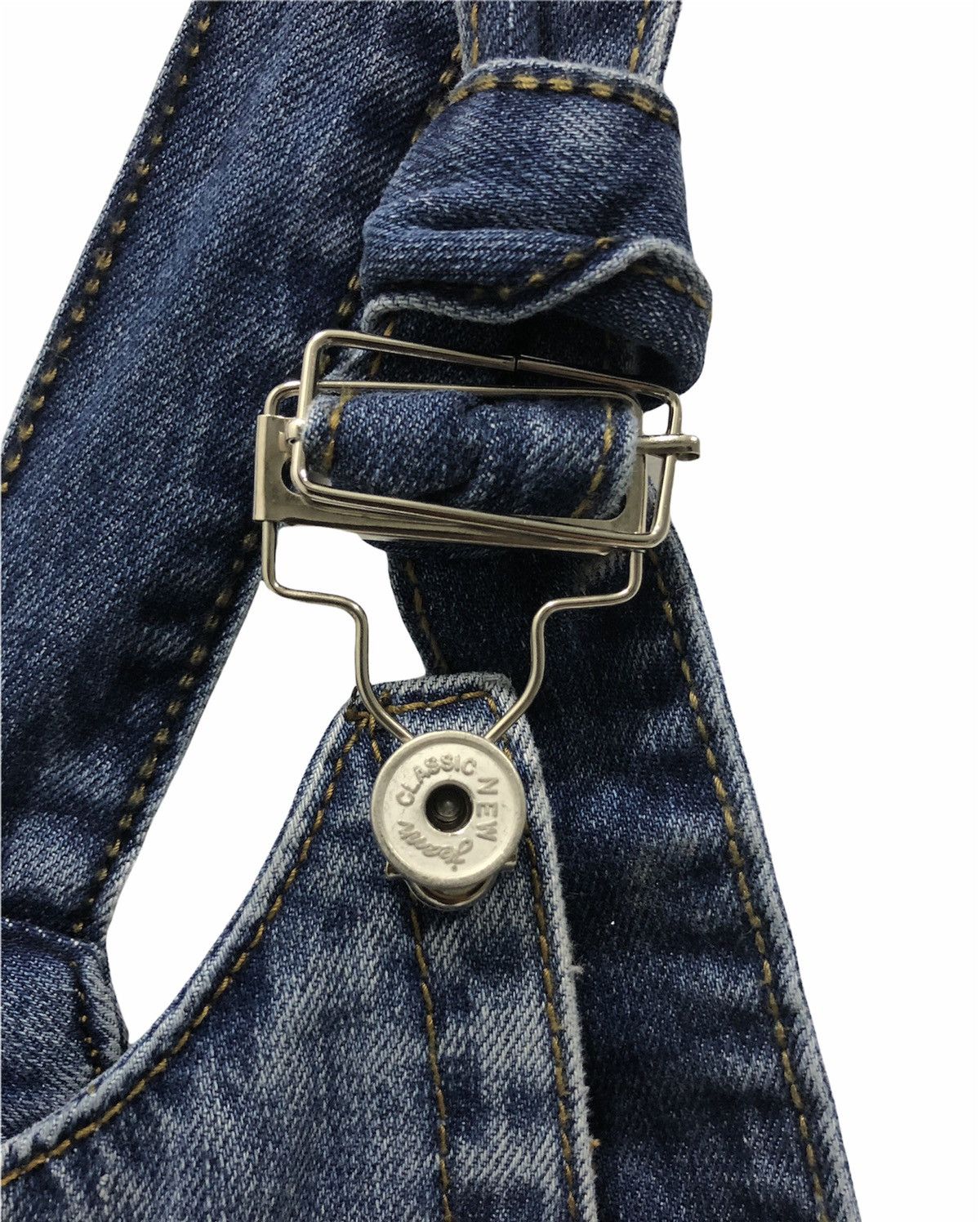 Japanese Brand × Vintage Vintage Y2K Style Distressed Dark Wash Denim Overalls Size M Size US 34 / EU 50 - 3 Thumbnail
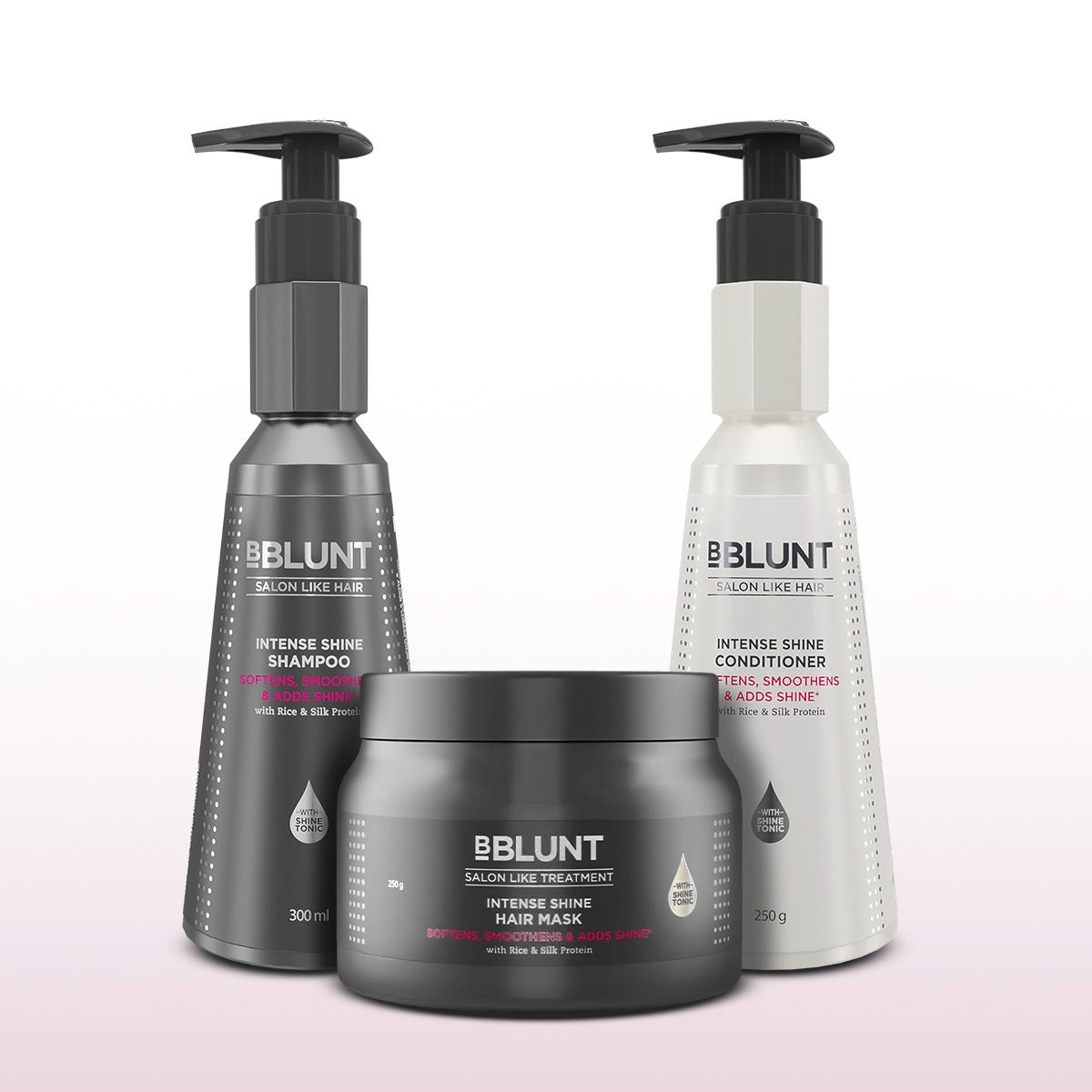 Intense Shine Kit (Intense Shine Shampoo + Intense Shine Conditioner + Intense Shine Hair Mask)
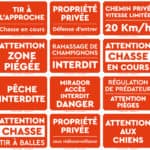 Pancartes de chasse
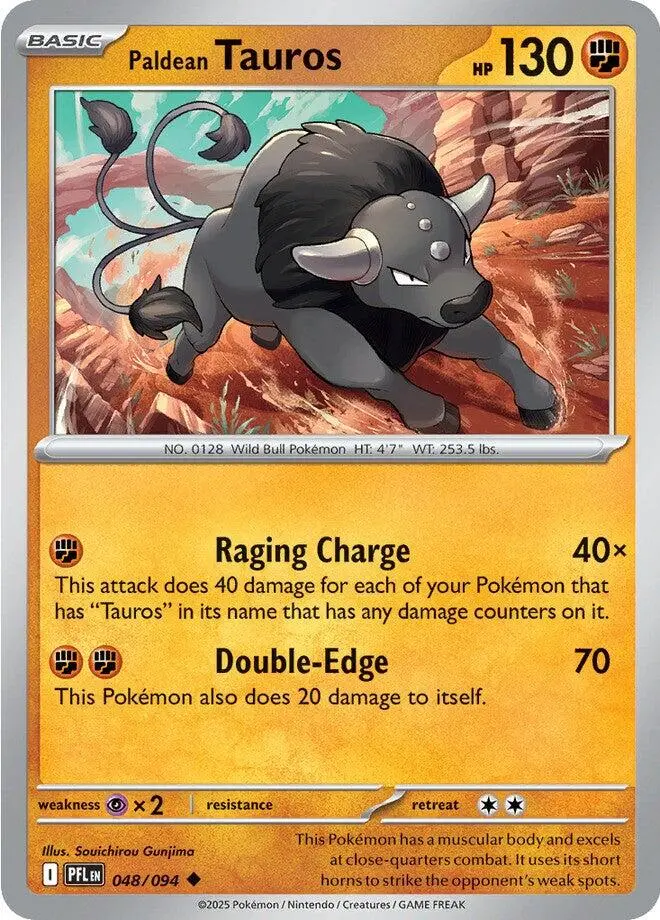 Paldean Tauros (048/094) [Mega Evolution: Phantasmal Flames] 1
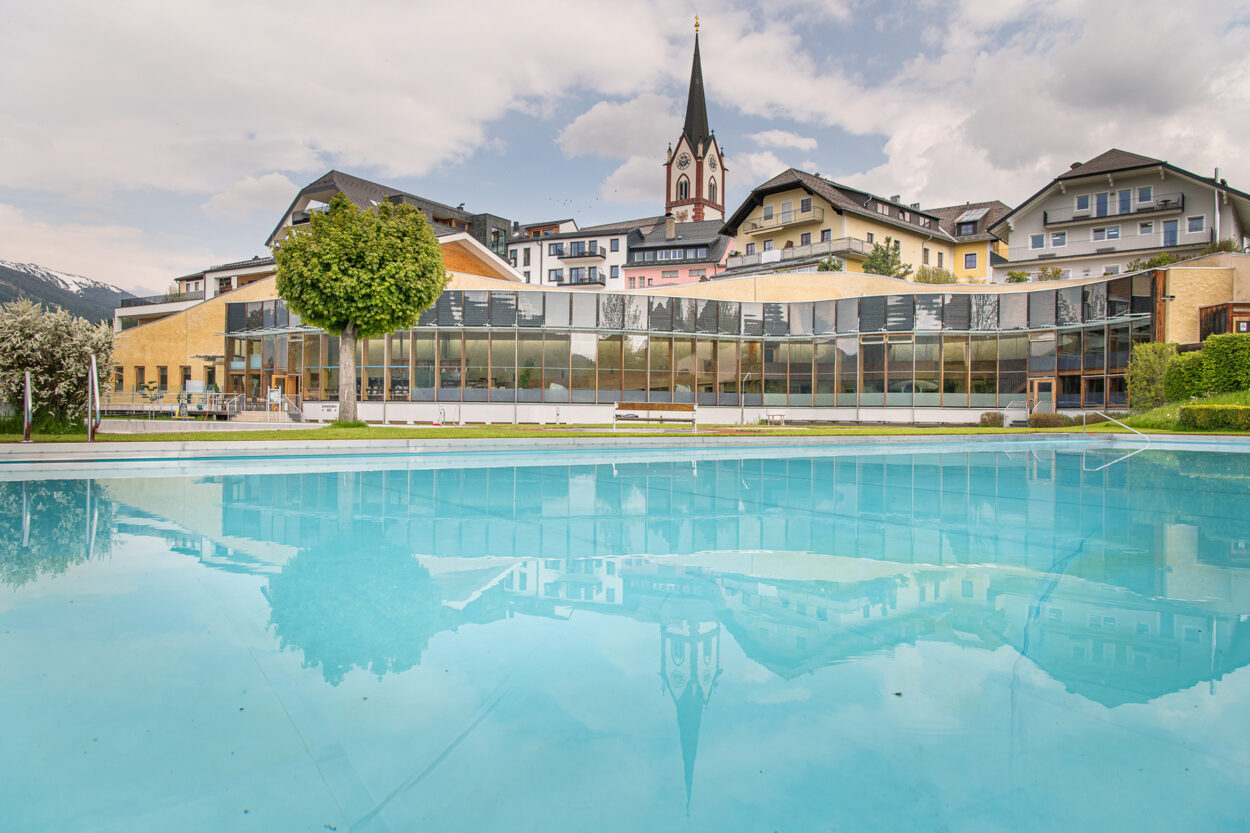 Freibad, Schwimmbad im Vital- & Wellnesszentrum in Mariapfarr.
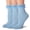 Light Blue, variant on TZYDMN Women Ruffle Ankle Socks, Lace Lolita Kawaii Girls Cute Frilly Socks 3 Pairs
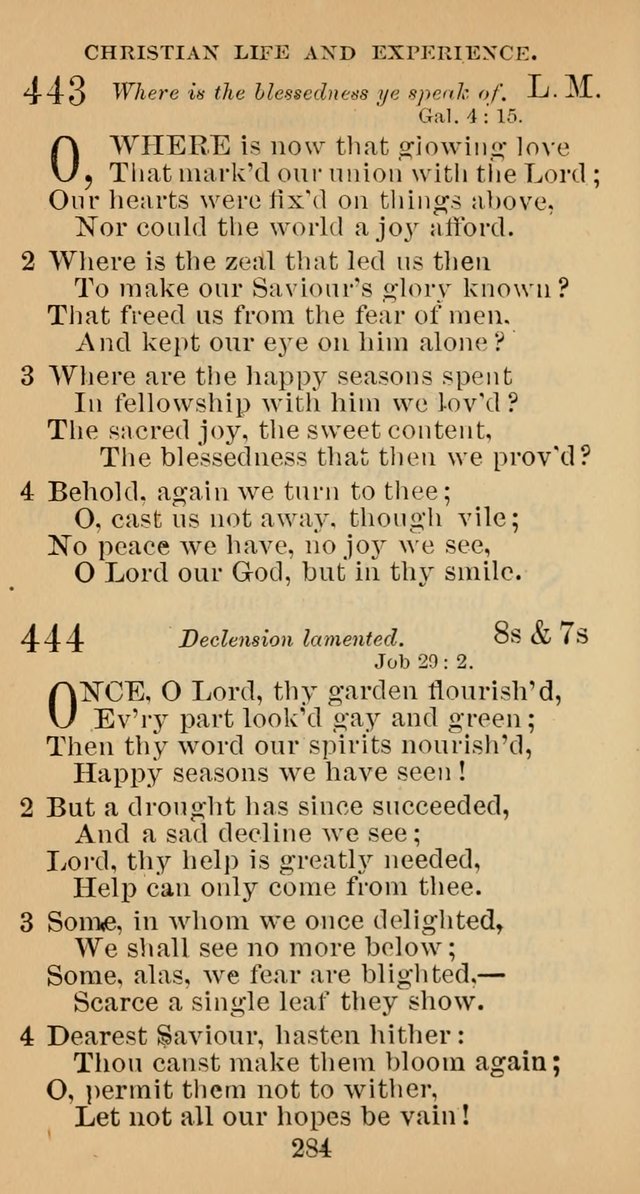 A Collection of Psalms, Hymns and Spiritual Songs; suited to the various kinds of Christian worship; and especially designed for and adapted to the Fraternity of the Brethren... page 291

- _TASK_:
Nothing but the lines from the one holding "Light Blue, variant" to the end of the entries above should be echoed, exactly and with both ends included; omit the pictures.

- _RESPONSE_:
 Light Blue, variant on TZYDMN Women Ruffle Ankle Socks, Lace Lolita Kawaii Girls Cute Frilly Socks 3 Pairs
 A Collection of Psalms, Hymns and Spiritual Songs; suited to the various kinds of Christian worship; and especially designed for and adapted to the Fraternity of the Brethren... page 291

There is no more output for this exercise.